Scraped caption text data
========

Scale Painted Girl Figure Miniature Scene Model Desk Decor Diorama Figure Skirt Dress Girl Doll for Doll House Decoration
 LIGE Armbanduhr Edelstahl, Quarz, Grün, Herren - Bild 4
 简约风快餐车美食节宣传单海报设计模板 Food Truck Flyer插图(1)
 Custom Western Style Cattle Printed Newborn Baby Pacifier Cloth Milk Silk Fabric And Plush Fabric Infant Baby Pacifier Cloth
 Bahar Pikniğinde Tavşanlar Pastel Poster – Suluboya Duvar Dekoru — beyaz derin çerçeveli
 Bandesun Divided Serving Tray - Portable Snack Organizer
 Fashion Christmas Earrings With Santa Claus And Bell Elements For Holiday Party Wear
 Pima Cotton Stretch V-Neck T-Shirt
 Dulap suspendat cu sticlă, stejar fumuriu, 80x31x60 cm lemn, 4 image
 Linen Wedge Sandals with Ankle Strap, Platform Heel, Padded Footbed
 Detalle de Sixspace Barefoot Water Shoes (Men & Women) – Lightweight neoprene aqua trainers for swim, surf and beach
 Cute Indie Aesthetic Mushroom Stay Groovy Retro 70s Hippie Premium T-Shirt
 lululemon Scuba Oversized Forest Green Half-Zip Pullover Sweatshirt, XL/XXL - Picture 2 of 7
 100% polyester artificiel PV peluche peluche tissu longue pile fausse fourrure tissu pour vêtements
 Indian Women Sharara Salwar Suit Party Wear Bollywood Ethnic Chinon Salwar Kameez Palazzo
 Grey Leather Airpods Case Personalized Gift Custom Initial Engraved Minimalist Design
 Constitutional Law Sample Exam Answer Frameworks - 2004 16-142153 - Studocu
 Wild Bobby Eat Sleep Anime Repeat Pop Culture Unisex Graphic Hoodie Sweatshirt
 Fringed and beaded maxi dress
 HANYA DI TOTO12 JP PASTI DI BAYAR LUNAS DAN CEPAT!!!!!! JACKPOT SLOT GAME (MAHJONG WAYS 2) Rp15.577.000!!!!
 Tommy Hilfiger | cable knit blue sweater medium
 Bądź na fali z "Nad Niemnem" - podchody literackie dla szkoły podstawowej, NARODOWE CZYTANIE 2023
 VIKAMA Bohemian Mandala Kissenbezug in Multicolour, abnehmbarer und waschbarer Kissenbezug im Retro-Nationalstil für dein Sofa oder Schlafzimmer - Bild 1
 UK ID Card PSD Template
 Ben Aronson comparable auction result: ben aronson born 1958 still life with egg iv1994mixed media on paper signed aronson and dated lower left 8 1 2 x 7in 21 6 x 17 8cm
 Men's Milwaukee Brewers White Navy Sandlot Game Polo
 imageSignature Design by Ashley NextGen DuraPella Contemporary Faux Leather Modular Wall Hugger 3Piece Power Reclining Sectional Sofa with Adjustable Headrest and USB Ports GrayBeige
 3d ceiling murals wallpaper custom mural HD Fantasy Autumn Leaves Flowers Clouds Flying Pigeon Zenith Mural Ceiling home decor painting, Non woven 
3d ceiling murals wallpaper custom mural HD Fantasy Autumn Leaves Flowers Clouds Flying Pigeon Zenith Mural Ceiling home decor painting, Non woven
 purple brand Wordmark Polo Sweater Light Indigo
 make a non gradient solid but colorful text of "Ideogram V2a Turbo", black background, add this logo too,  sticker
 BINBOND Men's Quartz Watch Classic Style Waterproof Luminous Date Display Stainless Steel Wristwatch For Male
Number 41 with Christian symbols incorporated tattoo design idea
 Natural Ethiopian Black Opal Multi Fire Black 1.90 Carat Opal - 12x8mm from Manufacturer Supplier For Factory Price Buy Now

========

** About this exercise **
Using the data above, transcribe the lines that run from the line with "UK ID Card PSD Template" to the line with "Men's Milwaukee Brewers", both ends kept, and output nothing else.

** Solution to the exercise **
 UK ID Card PSD Template
 Ben Aronson comparable auction result: ben aronson born 1958 still life with egg iv1994mixed media on paper signed aronson and dated lower left 8 1 2 x 7in 21 6 x 17 8cm
 Men's Milwaukee Brewers White Navy Sandlot Game Polo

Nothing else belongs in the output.